Joining me on this month’s panel are Miasanrot’s Maurice, Dennis, and Tobias H.

(Image: Alexander Hassenstein/Bongarts/Getty Images)

The first question is from @Oncheedo on twitter. “With Rafinha’s injury what are the options if David Alaba or Joshua Kimmich go down as well?”

Maurice: I think if either of the two should get injured, Kovac will have to switch his system to a back-three and then use Gnabry or Sanches as one of the wingbacks. This will obviously be a dramatic change of schemes which might take time, but is necessary should either Kimmich or Alaba miss extended periods of time. Especially the game against Augsburg showed that no player has the capabilities on both offense and defense to replace one of the aforementioned.

Dennis: Maurice mentioned the game against Augsburg, in which Kovac already demonstrated his creativity in giving Alaba and/or Kimmich some time to rest. The switch to a back three is still a (wet) dream within the MSR slack, because it could be implemented with various different player combinations (e.g. go big with Süle, Hummels, Boateng) and also different roles (e.g. Alaba as the half-space libero in homage to the thrashing against AS Roma). Nevertheless Kovac opted for a “conservative” back-four, but with Goretzka as the unexpected left-back, creating that almost forgotten feeling of “guessing the formation” in the minutes between the communication of the starting XI and the kick-off.

Tobias H.: I think if one of those two get injured Kovac either changes the system or he tries to use one of the midfielders as replacements. Against Augsburg he already tested Goretzka in a back-four. Players like Sanches or Gnabry could play that position as well. But in my opinion those midfielders would work best in a system with a back-three. Then Goretzka, Gnabry or Sanches would act as wingbacks which would give them less defensive responsibility. Especially, Renato Sanches would fit in that role. The Portuguese has great dribbling abilities but his positioning and behaving under pressure is far from perfect. Playing near the sideline would help him because positioning and orientation is easier. Furthermore, Niko Kovac could pick one of the talents from the youth team. Against weaker Bundesliga teams players like Jonathan Meier could get some playing time.

Marc: As everyone else has already mentioned, switching to a back three and using Kimmich and Gnabry as wingbacks seems like the logical choice here.
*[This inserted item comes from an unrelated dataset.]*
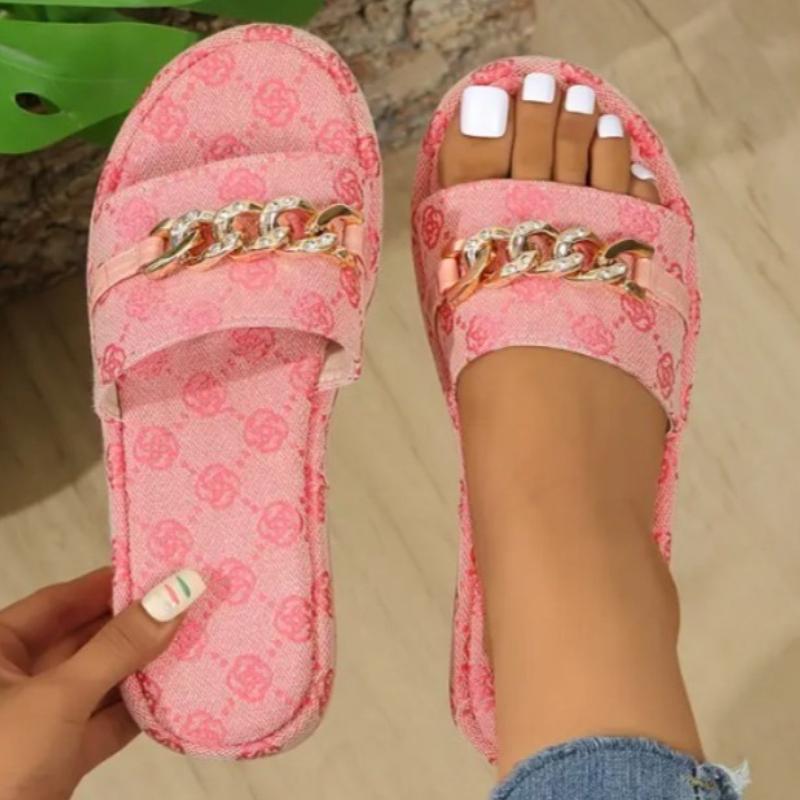 Fashion Women Platform Slippers Outdoor Floral Slippers Ladies 2025 New Summer Women Shoes Designer Flat Sandals Beach Slides Women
Apart from that you then start looking at either the youth team or wingers/midfielders already in the squad. Kovac’s decision here would likely depend on a variety of factors including how long Kimmich/Alaba/Rafinha are expected to miss and who their opposition is during that period. If something happens in late November and they have clinched the Group in the Champions League, he may be more likely to experiment with either youth players or playing midfielders out of position, assuming the players will be back after the winter break. If however these injuries coincide with the “business” end of the season, I think a back 3 is the much more likely scenario as it would provide more stability and require less players to be out of position. Obviously no matter what decision he ultimately makes, there will be some risk and transition with the squad this thin at those positions.

(Image: Ronny Hartmann/Bongarts/Getty Images)

Our second question comes from @Sam54707607 on twitter. “Do you think any of the youth players will make an appearance for the first team this season? If so who?”

Maurice: It will depend on the way Bayern plays in the league. If they end up with a huge lead heading in to April, I think Kovac will definitely throw in one of the youth players that have impressed him either in practice or in the youth games. Right now I would put my money on either Winger Franck Evina or the skilled defender Lars Lukas Mai.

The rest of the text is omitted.